§ Working data:
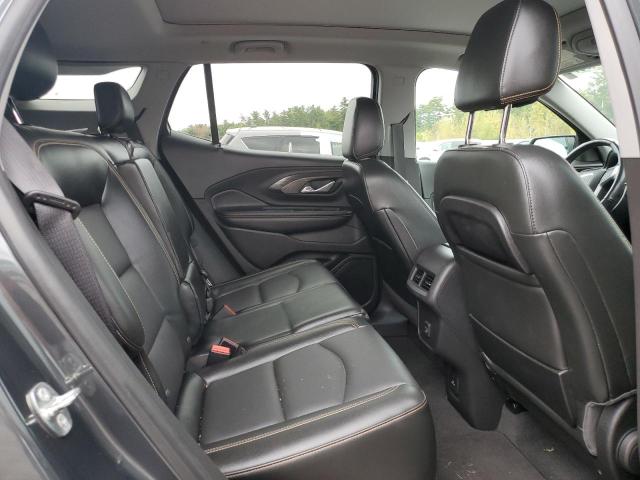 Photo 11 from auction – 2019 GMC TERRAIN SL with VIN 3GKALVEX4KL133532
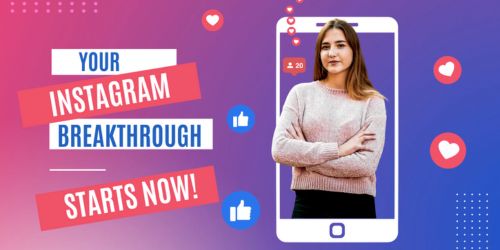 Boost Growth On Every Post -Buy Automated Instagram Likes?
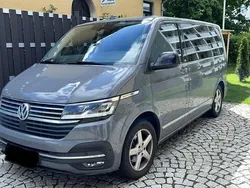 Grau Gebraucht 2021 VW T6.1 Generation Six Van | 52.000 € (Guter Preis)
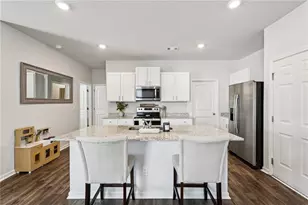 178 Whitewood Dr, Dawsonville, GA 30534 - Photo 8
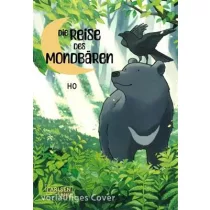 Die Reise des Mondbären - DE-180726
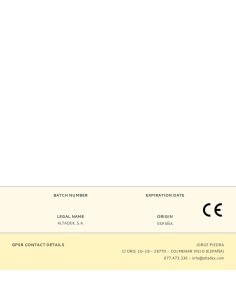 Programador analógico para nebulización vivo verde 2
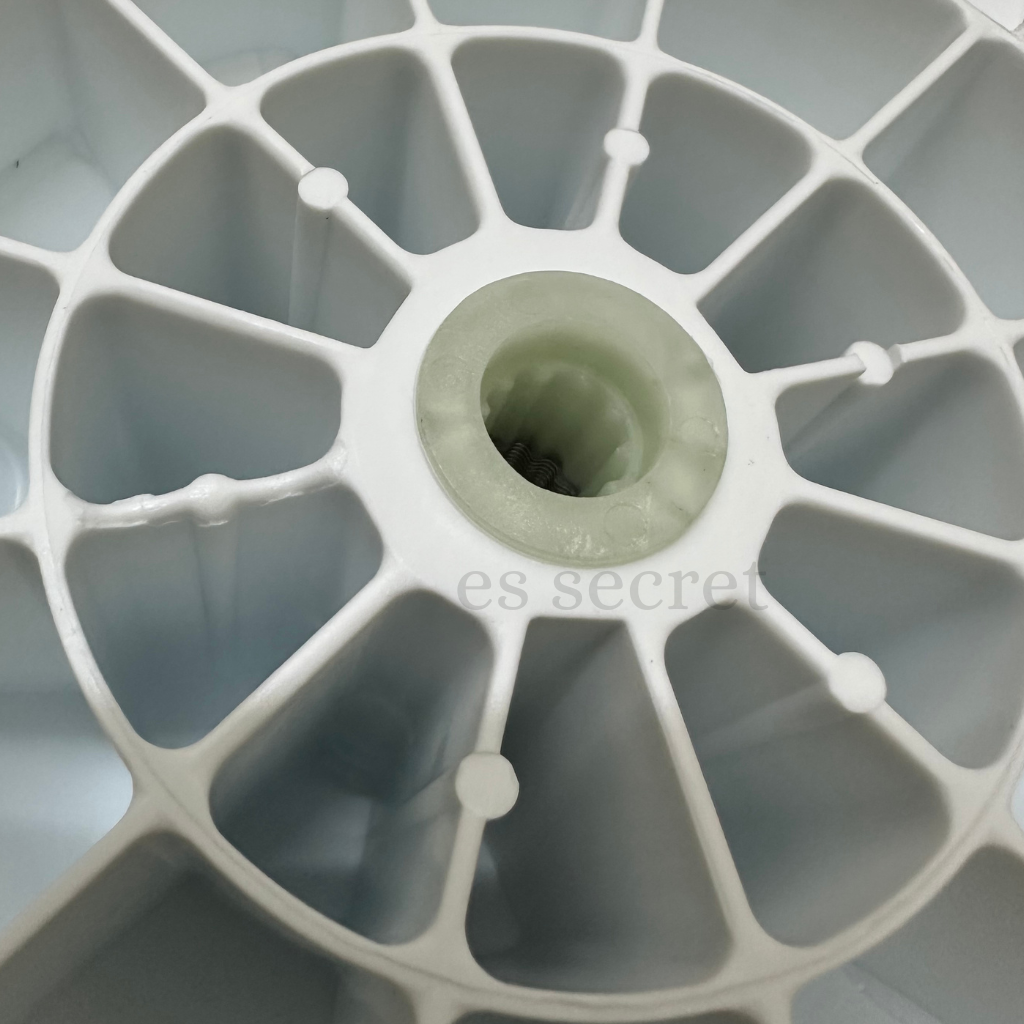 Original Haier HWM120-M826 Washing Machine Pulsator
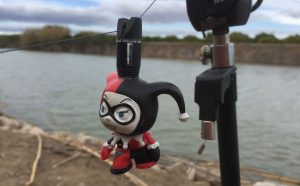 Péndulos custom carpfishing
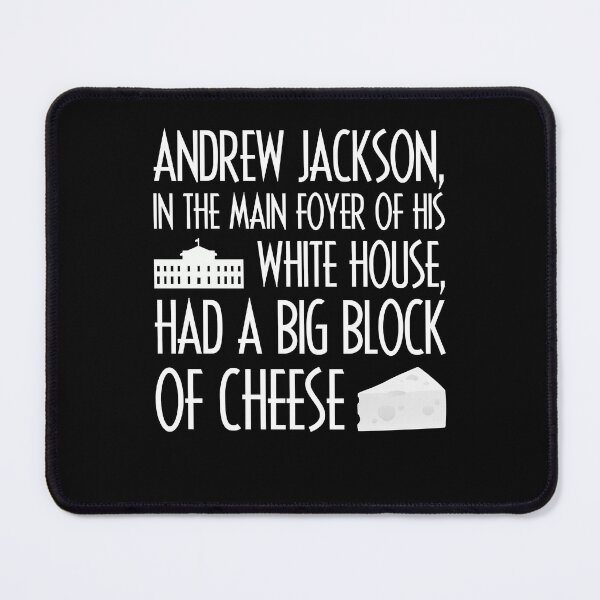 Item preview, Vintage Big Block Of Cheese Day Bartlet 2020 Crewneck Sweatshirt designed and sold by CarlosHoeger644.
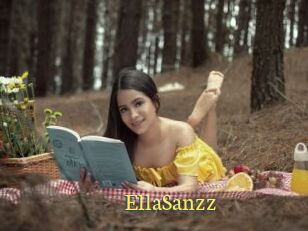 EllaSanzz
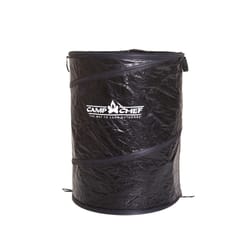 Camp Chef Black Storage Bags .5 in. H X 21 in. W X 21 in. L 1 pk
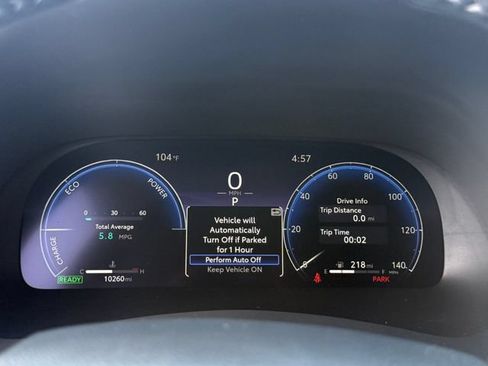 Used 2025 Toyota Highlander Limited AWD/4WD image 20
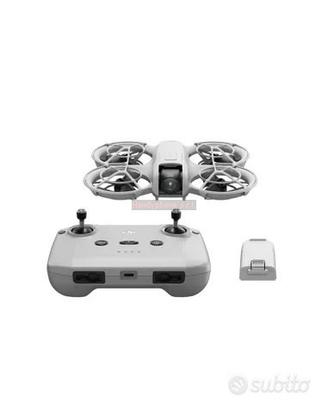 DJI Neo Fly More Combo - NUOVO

* * *

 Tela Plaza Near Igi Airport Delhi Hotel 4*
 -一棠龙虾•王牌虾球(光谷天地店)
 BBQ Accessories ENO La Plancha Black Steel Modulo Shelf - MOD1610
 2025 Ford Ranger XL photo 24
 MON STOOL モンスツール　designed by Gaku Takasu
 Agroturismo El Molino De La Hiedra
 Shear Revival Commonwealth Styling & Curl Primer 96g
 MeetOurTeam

§ Exercise goal: Take the records above and return, word for word, only the lines that fall from the line with "Tela Plaza Near Igi Airport Delhi Hotel 4*" to the line with "MeetOurTeam", both of them included.

§ Answer box:
 Tela Plaza Near Igi Airport Delhi Hotel 4*
 -一棠龙虾•王牌虾球(光谷天地店)
 BBQ Accessories ENO La Plancha Black Steel Modulo Shelf - MOD1610
 2025 Ford Ranger XL photo 24
 MON STOOL モンスツール　designed by Gaku Takasu
 Agroturismo El Molino De La Hiedra
 Shear Revival Commonwealth Styling & Curl Primer 96g
 MeetOurTeam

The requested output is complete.